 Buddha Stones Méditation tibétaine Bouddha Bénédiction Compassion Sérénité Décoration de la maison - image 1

* * *

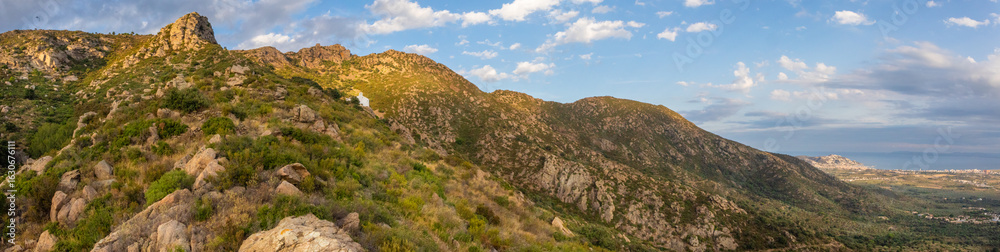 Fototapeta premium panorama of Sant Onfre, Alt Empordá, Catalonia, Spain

==

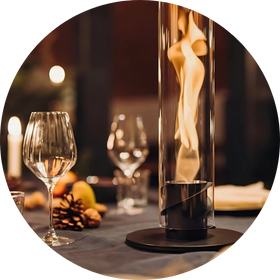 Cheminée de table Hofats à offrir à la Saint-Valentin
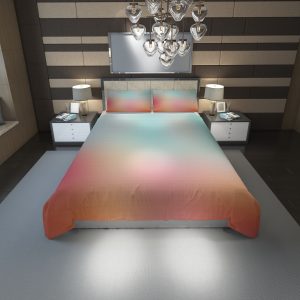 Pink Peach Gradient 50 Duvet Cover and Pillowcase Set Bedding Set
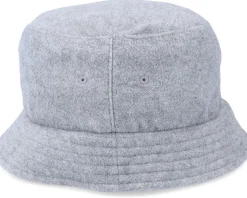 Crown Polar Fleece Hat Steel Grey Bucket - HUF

• Task item:
In the listing above, find the line containing "Cheminée de table" and the line containing "Crown Polar Fleece"; print those lines and every line between them exactly, leaving out pictures.

• Exercise answer:
 Cheminée de table Hofats à offrir à la Saint-Valentin
 Pink Peach Gradient 50 Duvet Cover and Pillowcase Set Bedding Set
 Crown Polar Fleece Hat Steel Grey Bucket - HUF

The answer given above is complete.